The Calatrava was designed in 1932 as the first watch produced by Patek Philippe under its new ownership by the Stern family, who had acquired the firm during the Depression-era financial collapse that had threatened its survival. Reference 96 - the original Calatrava - launched the new era with a design informed by Bauhaus principles: a minimalist 31mm round case with flat bezel, applied baton hour markers, dauphine hands, a small seconds sub-dial at 6, and no superfluous decoration. It was, and still is, the archetype of the modern dress watch. The name "Calatrava" was taken from the Cross of the Order of Calatrava, a medieval Spanish Christian military order, which had become Patek Philippe's corporate emblem in 1887 and remains on the crown of every Patek today.
Reference 96 remained in production essentially unchanged for four decades and established the compositional rules that every successor Calatrava has followed. Patek Philippe added variations progressively through the 20th century: Ref. 570 (1938, larger 35mm case), Ref. 565 (water-resistant variant), Ref. 1463 (chronograph, technically the Calatrava-Chronograph), and the legendary Ref. 2526 (1953, first Patek automatic - widely regarded as one of the finest wristwatches ever made). Each reference preserved the core Calatrava principle: round case, clean dial, no complications that did not serve legibility, and movement finishing of the highest standard.
The Clous de Paris hobnail bezel was introduced in 1985 with Reference 3919 and became one of the most recognisable Calatrava variants - a subtle textural bezel treatment that read as formal but never austere. This reference ran in production for three decades. Reference 5196 (2005) returned to the strict Ref. 96 template in a modern 37mm case, Reference 5119 (2006) restored the Clous de Paris bezel, and Reference 5227 (2013) introduced a modern hinged dust cover over the case back (a 19th-century Patek Philippe feature) combined with a 39mm case and in-house automatic movement.

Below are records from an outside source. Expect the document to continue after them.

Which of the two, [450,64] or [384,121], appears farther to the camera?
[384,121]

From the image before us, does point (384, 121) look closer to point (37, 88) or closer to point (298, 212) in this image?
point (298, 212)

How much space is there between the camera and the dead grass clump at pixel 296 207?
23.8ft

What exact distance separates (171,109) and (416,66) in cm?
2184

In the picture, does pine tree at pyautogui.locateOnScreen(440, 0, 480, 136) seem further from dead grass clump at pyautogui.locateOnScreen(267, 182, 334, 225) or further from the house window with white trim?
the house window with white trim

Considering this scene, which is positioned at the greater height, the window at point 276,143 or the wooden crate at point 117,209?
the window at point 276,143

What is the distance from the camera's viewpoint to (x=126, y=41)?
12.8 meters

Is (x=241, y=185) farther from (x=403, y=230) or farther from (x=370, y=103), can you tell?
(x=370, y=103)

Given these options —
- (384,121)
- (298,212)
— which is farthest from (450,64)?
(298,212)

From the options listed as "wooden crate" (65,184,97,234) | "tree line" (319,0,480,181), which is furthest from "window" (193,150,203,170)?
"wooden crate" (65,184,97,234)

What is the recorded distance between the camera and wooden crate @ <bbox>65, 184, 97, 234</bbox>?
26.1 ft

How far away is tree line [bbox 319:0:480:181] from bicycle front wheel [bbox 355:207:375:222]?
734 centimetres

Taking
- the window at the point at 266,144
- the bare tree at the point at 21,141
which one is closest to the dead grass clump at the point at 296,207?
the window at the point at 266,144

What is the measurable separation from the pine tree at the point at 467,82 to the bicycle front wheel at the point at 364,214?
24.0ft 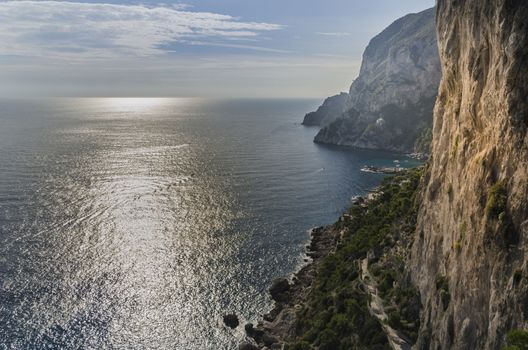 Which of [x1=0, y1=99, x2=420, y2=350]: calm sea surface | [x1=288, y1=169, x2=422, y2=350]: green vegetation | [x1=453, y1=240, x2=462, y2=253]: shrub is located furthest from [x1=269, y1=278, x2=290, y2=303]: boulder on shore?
[x1=453, y1=240, x2=462, y2=253]: shrub

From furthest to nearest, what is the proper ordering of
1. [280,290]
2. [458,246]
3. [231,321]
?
1. [280,290]
2. [231,321]
3. [458,246]

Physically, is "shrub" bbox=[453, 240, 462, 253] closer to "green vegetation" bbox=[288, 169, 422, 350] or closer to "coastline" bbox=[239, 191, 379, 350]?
"green vegetation" bbox=[288, 169, 422, 350]

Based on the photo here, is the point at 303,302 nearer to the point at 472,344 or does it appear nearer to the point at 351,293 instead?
the point at 351,293

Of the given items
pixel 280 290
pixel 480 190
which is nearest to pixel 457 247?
pixel 480 190

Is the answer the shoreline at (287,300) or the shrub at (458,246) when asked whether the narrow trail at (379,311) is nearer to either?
the shoreline at (287,300)

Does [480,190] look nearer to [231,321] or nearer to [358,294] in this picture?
[358,294]

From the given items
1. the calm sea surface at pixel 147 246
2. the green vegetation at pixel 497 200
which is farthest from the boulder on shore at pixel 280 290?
the green vegetation at pixel 497 200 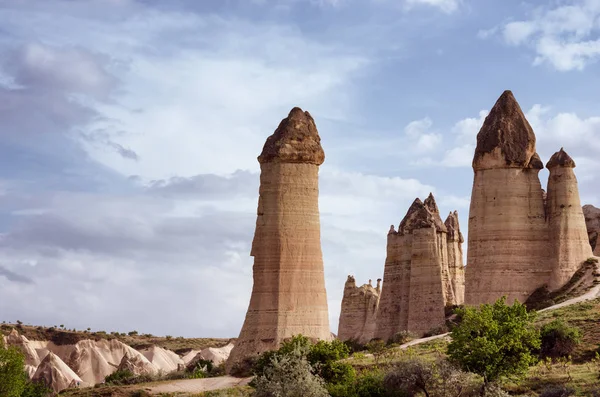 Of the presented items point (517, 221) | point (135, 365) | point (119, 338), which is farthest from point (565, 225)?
point (119, 338)

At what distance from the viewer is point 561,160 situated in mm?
49250

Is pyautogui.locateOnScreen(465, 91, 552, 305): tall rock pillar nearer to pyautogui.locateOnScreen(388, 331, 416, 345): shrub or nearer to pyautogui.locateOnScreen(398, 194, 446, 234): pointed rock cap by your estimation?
pyautogui.locateOnScreen(388, 331, 416, 345): shrub

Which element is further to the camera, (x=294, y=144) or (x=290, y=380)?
(x=294, y=144)

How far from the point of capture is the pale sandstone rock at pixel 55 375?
58844 mm

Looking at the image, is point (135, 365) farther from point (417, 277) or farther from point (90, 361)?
point (417, 277)

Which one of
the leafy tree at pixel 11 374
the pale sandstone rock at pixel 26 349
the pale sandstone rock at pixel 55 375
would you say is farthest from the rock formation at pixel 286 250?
the pale sandstone rock at pixel 26 349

The current flagship is the Reference 6119 (2021), a 39mm hand-wound Calatrava with Clous de Paris bezel and the in-house Calibre 30-255 PS - a new hand-wound movement with twin mainspring barrels, 65-hour power reserve, and METAS-level finishing. Available in white gold, rose gold, and platinum, it is widely considered the definitive modern Calatrava. The Calatrava family in 2024 also includes the 5226 (38mm travel-dial), the 5327 perpetual calendar, and high-complicated pieces including the 5370 Split-Seconds Chronograph and the 5235 Regulator Annual Calendar. Retail: ~$33,000 (6119 white gold) to ~$290,000+ (5370 Split-Seconds). Every serious watch collector eventually owns a Calatrava.